▸ Recorded data:
▶

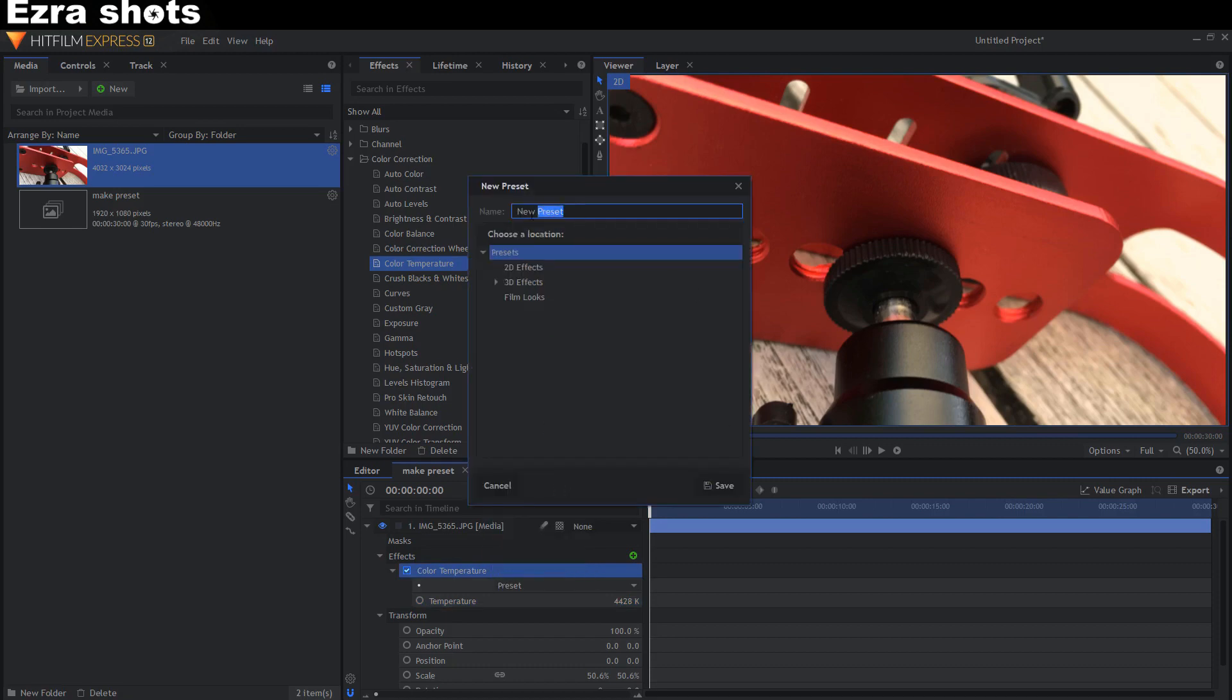You can give it the name. Call it temp1.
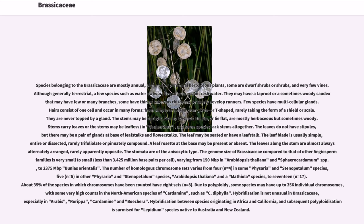Few species have multicellular glands. Hairs consist of one cell and occur in many forms, from simple to forked, star, tree- or T-shaped, rarely taking the form of a shield or scale; they are never topped by a gland. The stems may be upright, rise up towards the tip, or lie flat, and are mostly herbaceous but sometimes woody. Stems carry leaves, or the stems may be leafless, and some species lack stems altogether. The leaves do not have stipules, but there may be a pair of glands at the base of leaf stalks and flower stalks. The leaf blade is usually simple, entire or dissected, rarely trifoliolate or pinnately compound. A leaf rosette at the base may be present or absent. The leaves along the stem are almost always alternately arranged, rarely apparently opposite. The stomata are of the anisocytic type.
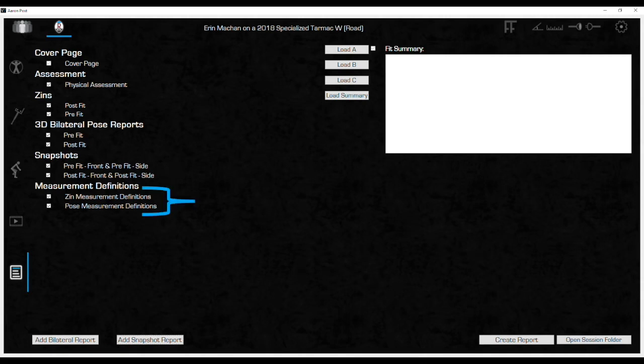Select the ZIN and pose measurement definitions if the rider needs to have detailed descriptions that define the data included in each bike and body measurement in the report. Finally, move to the summary to add notes and recommendations from the fit.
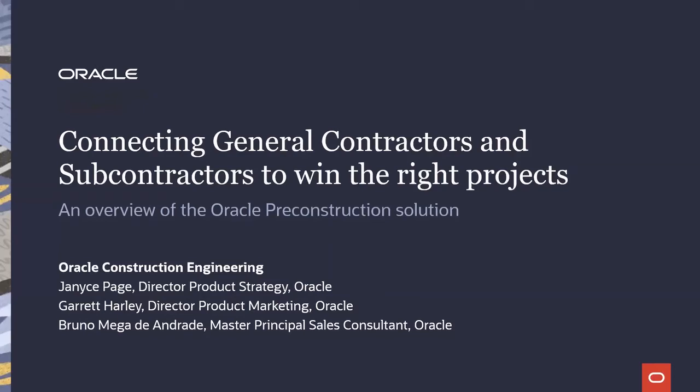Greetings, and thank you for joining us. My name is Garrett Harley. I'm the Director of Product Marketing within the Construction and Engineering Global Business Unit of Oracle. And joining me today are Janice Page. Say hi, Janice. Hello, everyone.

◀

▸ Problem to solve: Could you restate all of the data above word for word and skip every picture?

▸ Expected answer:
You can give it the name. Call it temp1.
Few species have multicellular glands. Hairs consist of one cell and occur in many forms, from simple to forked, star, tree- or T-shaped, rarely taking the form of a shield or scale; they are never topped by a gland. The stems may be upright, rise up towards the tip, or lie flat, and are mostly herbaceous but sometimes woody. Stems carry leaves, or the stems may be leafless, and some species lack stems altogether. The leaves do not have stipules, but there may be a pair of glands at the base of leaf stalks and flower stalks. The leaf blade is usually simple, entire or dissected, rarely trifoliolate or pinnately compound. A leaf rosette at the base may be present or absent. The leaves along the stem are almost always alternately arranged, rarely apparently opposite. The stomata are of the anisocytic type.
Select the ZIN and pose measurement definitions if the rider needs to have detailed descriptions that define the data included in each bike and body measurement in the report. Finally, move to the summary to add notes and recommendations from the fit.
Greetings, and thank you for joining us. My name is Garrett Harley. I'm the Director of Product Marketing within the Construction and Engineering Global Business Unit of Oracle. And joining me today are Janice Page. Say hi, Janice. Hello, everyone.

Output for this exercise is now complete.